··· THE DATA ···

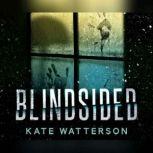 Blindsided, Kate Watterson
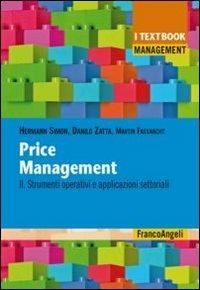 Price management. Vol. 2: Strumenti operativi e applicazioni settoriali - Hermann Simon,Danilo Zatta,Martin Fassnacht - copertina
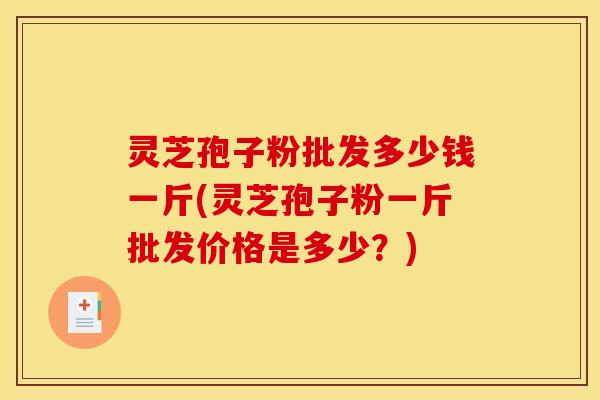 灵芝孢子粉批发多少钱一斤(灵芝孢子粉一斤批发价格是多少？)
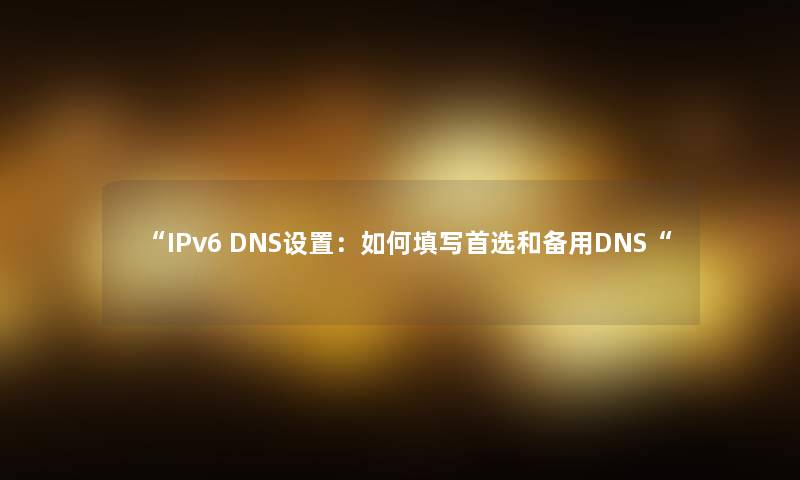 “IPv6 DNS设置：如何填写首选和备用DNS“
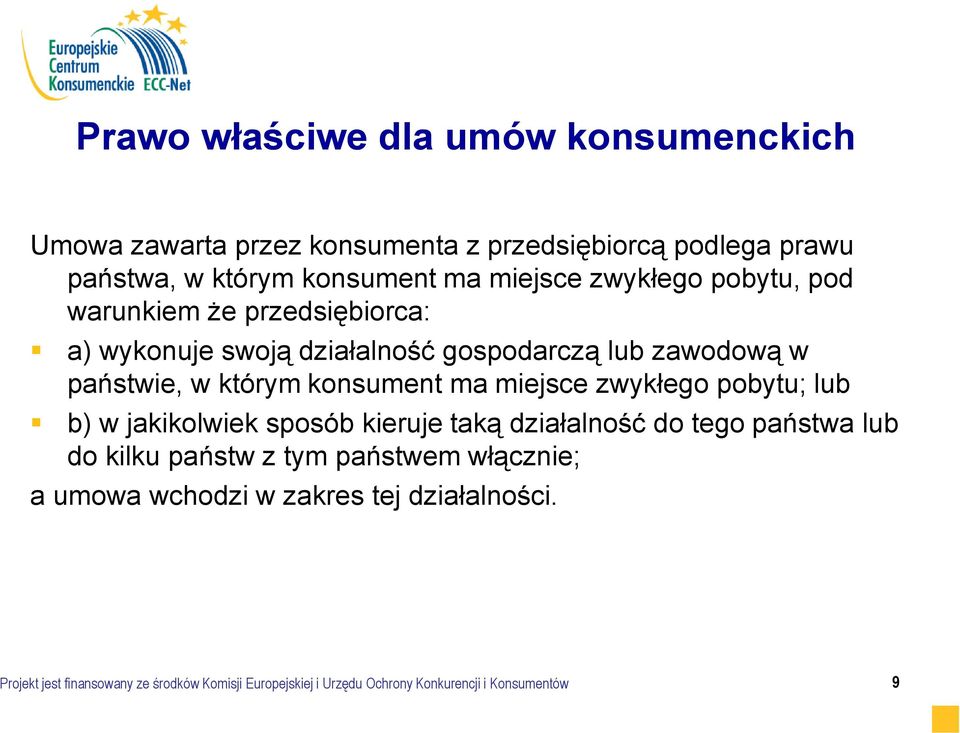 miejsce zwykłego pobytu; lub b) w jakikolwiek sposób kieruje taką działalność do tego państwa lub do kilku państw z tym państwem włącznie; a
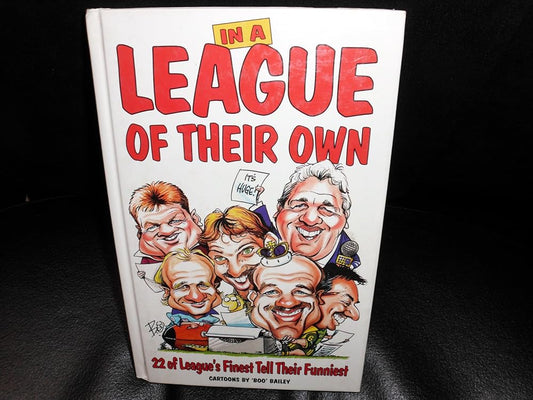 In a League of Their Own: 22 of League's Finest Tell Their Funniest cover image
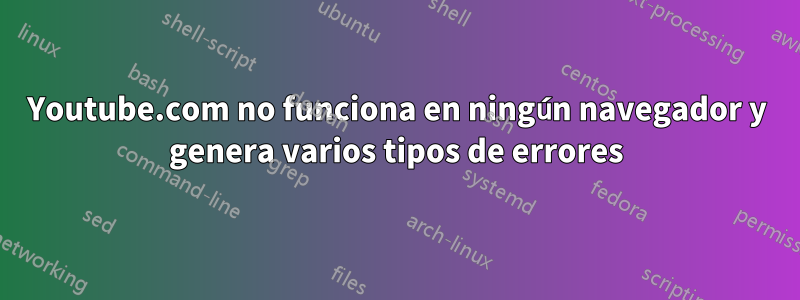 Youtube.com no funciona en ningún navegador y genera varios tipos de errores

···

# [DESCRIPTION OF THE TASK]
Output exactly the lines from the one containing "miejsce zwykłego pobytu;" through the last line of the records above, both included, and leave out the pictures.

# [WRITTEN RESPONSE]
 miejsce zwykłego pobytu; lub b) w jakikolwiek sposób kieruje taką działalność do tego państwa lub do kilku państw z tym państwem włącznie; a
 In a League of Their Own: 22 of League's Finest Tell Their Funniest cover image
 Youtube.com no funciona en ningún navegador y genera varios tipos de errores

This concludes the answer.